Enzyme 'Melts' Cancer Drug Barrier

Researchers may have found a new way to treat pancreatic tumors, one of the deadliest and most drug-resistant forms of cancer. Injecting mice with a molecule that melts the tough structure around the tumor allowed a standard chemotherapy drug to better penetrate and destroy cancer cells. The strategy is already being tested in people.

People diagnosed with the most common form of pancreatic cancer, pancreatic ductal adenocarcinoma (PDA), usually don't respond to chemotherapy and only live a few months. Some researchers suspect that one reason is that the pancreatic tumor cells are enmeshed in a tough, fibrous matrix of cells and molecules known as the stroma. This may create fluid pressure within the tumor that is much higher than in the tumor's blood vessels, making it hard for any cancer drugs to diffuse from the blood into the tumor. Adding to the challenge, PDA tumors already have few obvious blood vessels penetrating them.

Oncologist and cancer biologist Sunil Hingorani's group at the Fred Hutchinson Cancer Research Center in Seattle, Washington, and collaborators confirmed the extreme fluid pressures in PDA tumors by inserting a special probe into tumors in mice with the disease. The pressures were "astonishing," Hingorani says—80 to 120 millimeters (mm) of mercury, which is comparable to the pressure of blood being pumped within the heart.

Looking for a way to lower that pressure so that drugs can breach the barrier, Hingorani's group focused on a sugar molecule called hyaluronic acid (HA), which is abundant in the stroma of PDA tumors. The team treated the mice with an enzyme called PEGPH20, which degrades HA. The pressure in the tissue around the tumor began to drop and by 24 hours had reached about 20 mm of mercury, the level seen in normal pancreas tissue. When the researchers cut out the animals' tumors, they were soft and pink, unlike the hard, white tumors from animals that had not received the enzyme, Hingorani says. His team also found that blood vessels in the tumors that had been compressed and hard to see had sprung open.

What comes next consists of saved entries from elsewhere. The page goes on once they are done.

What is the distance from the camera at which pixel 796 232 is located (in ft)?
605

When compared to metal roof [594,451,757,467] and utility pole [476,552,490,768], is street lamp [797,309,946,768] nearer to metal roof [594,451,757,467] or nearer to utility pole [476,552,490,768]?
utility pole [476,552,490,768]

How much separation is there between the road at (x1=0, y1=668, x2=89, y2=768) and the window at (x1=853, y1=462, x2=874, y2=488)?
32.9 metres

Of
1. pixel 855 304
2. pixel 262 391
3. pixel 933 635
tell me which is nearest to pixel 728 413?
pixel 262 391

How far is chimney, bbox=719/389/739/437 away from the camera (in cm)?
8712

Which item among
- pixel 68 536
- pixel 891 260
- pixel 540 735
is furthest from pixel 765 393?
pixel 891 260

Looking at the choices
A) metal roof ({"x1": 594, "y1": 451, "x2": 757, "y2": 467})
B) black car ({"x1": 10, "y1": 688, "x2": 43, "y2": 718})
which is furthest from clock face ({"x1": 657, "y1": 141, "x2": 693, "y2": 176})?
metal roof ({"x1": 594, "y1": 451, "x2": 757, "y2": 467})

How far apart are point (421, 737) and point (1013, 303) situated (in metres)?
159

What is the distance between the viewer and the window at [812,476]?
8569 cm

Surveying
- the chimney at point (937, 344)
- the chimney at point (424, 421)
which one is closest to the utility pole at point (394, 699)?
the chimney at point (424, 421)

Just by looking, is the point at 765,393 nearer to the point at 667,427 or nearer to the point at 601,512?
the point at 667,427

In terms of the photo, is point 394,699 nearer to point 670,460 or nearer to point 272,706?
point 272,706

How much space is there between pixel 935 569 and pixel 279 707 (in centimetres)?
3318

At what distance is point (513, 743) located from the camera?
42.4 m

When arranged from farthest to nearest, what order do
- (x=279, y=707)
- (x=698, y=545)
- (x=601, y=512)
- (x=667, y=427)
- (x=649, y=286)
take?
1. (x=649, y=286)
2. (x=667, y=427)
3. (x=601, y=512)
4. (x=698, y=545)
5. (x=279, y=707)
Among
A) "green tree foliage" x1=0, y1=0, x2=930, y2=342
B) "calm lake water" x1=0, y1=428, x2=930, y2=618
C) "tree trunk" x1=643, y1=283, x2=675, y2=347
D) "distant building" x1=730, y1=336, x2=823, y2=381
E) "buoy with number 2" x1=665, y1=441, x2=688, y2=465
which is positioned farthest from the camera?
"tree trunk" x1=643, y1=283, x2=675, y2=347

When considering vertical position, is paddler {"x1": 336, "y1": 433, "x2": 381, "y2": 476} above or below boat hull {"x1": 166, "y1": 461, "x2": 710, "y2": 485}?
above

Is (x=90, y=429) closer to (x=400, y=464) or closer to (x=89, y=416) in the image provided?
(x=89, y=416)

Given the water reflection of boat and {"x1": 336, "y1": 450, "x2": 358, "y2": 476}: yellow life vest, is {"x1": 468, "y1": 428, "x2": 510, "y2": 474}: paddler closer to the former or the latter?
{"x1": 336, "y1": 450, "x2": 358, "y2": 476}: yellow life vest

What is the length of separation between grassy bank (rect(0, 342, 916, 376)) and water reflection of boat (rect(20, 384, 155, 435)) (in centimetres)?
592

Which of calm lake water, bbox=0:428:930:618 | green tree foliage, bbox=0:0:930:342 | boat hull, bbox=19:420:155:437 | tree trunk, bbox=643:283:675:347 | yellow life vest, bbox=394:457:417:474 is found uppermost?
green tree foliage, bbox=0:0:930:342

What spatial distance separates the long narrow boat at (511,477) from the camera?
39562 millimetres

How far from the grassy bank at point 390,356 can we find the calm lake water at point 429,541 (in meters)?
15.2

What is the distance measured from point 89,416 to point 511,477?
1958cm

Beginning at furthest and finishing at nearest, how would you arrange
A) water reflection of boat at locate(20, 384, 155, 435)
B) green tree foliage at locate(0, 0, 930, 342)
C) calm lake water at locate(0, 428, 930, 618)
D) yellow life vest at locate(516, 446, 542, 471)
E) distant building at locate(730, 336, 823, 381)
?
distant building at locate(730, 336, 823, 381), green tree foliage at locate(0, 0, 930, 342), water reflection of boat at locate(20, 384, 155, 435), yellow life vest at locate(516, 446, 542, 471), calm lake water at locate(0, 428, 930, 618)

The next step was to see if chemotherapy drugs would get into a tumor more easily after it was treated with the enzyme. And indeed, when mice with PDA tumors were injected with PEGPH20 and gemcitabine, the standard drug for pancreatic cancer, they lived 70% longer (a median of 92 days) than mice receiving gemcitabine alone and developed fewer metastases, the team reports today in Cancer Cell. That's the longest survival his group has seen in this animal model of pancreatic cancer, Hingorani says.

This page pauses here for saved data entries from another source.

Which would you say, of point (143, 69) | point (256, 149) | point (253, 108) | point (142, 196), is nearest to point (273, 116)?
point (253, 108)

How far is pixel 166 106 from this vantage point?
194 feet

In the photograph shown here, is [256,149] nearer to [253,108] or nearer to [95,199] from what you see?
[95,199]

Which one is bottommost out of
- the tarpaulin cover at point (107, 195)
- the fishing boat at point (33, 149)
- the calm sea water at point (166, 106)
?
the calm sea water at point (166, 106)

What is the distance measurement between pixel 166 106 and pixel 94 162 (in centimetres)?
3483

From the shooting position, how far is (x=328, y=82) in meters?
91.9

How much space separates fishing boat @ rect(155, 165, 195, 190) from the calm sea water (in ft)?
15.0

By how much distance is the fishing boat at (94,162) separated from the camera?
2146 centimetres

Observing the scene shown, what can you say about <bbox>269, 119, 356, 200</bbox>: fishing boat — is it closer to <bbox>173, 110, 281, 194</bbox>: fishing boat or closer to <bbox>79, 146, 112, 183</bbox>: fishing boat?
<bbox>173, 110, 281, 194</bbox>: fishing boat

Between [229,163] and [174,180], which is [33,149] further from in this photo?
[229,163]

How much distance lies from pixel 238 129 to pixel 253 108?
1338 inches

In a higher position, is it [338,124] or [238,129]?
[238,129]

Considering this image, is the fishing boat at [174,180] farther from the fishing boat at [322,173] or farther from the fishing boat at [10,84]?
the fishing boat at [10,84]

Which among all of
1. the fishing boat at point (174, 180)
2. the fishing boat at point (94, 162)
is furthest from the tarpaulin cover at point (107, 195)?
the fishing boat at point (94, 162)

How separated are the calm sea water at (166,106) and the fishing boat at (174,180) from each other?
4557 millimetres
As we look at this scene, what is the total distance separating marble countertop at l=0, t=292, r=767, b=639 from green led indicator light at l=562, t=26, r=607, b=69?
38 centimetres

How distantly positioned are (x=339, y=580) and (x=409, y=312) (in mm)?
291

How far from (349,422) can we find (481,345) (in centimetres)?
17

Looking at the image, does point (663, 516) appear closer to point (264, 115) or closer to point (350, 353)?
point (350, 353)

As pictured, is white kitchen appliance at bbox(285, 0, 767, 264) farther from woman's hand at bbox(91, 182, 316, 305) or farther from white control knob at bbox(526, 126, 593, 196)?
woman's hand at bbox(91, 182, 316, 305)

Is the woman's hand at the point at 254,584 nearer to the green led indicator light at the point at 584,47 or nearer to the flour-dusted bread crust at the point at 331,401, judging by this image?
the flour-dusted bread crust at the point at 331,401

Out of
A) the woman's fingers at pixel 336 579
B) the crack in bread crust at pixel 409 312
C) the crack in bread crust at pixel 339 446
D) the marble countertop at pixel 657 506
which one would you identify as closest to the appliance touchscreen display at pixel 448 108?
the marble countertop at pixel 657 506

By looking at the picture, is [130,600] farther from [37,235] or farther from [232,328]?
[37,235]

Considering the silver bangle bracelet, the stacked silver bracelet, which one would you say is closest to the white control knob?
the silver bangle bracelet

A formulation of the PEGPH20 enzyme has already been approved by U.S. regulators for a different drug-delivery application. (It's injected under the skin to form a pocket that helps fluids and standard drugs reach blood vessels.) And a trial to test the PEGPH20-gemcitabine combination in pancreatic cancer patients is already under way. Although other tissues in the body contain HA, the enzyme doesn't seem to result in serious side effects in animal studies, says Hingorani, who is working on the trial being run by Halozyme Therapeutics. He says if the treatment is successful, other potential drugs for PDA that had been shelved should be reexamined: "Maybe not enough of the drug got into the tumor," he says.

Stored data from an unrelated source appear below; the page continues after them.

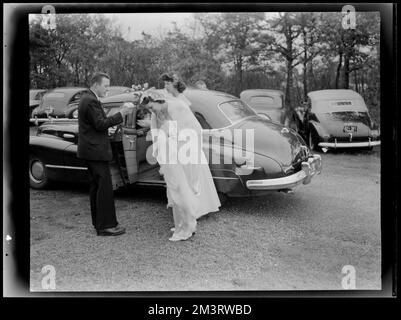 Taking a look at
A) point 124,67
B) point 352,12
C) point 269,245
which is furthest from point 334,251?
point 124,67

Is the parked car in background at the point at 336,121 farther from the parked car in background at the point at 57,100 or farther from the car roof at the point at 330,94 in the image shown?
the parked car in background at the point at 57,100

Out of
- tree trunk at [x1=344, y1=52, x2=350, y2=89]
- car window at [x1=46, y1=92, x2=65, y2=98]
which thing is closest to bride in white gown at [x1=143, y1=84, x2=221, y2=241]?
car window at [x1=46, y1=92, x2=65, y2=98]

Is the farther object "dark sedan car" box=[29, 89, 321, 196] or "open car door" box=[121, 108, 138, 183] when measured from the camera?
"open car door" box=[121, 108, 138, 183]

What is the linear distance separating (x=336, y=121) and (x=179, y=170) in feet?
4.95

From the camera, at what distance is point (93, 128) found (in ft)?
13.3

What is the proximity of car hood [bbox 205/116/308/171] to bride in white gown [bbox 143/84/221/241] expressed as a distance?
1.46ft

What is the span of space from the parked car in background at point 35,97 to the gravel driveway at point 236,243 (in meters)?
0.74

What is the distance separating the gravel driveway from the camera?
3.75m

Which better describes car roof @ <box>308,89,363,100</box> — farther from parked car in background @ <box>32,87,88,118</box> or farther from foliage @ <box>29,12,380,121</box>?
parked car in background @ <box>32,87,88,118</box>

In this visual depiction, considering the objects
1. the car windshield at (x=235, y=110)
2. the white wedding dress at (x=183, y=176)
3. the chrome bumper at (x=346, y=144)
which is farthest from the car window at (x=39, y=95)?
the chrome bumper at (x=346, y=144)

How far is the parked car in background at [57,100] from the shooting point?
4035mm

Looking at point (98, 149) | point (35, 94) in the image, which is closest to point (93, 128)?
point (98, 149)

The results seen in the mice are "exceedingly encouraging," particularly because the animals treated with the enzyme combo developed fewer metastatic tumors, says cancer biologist Dafna Bar-Sagi of New York University Langone Medical Center. However, she and others caution that the results seen in mice may not translate into people. A few years ago, Hingorani was part of a team that used a different drug to shrink the stroma of PDA tumors. That strategy seemed promising in mice but apparently hasn't worked in the clinic.

Cancer biologist Craig Logsdon of MD Anderson Cancer Center in Houston, Texas, cautions that drug-blocking role of the stroma itself is debatable—he was part of some recent imaging studies that found molecules that penetrated pancreatic tumors. Still, "the disease is so terrible and people are looking for new options," he says. "Let us hope that my analysis is incorrect that this really does improve therapy."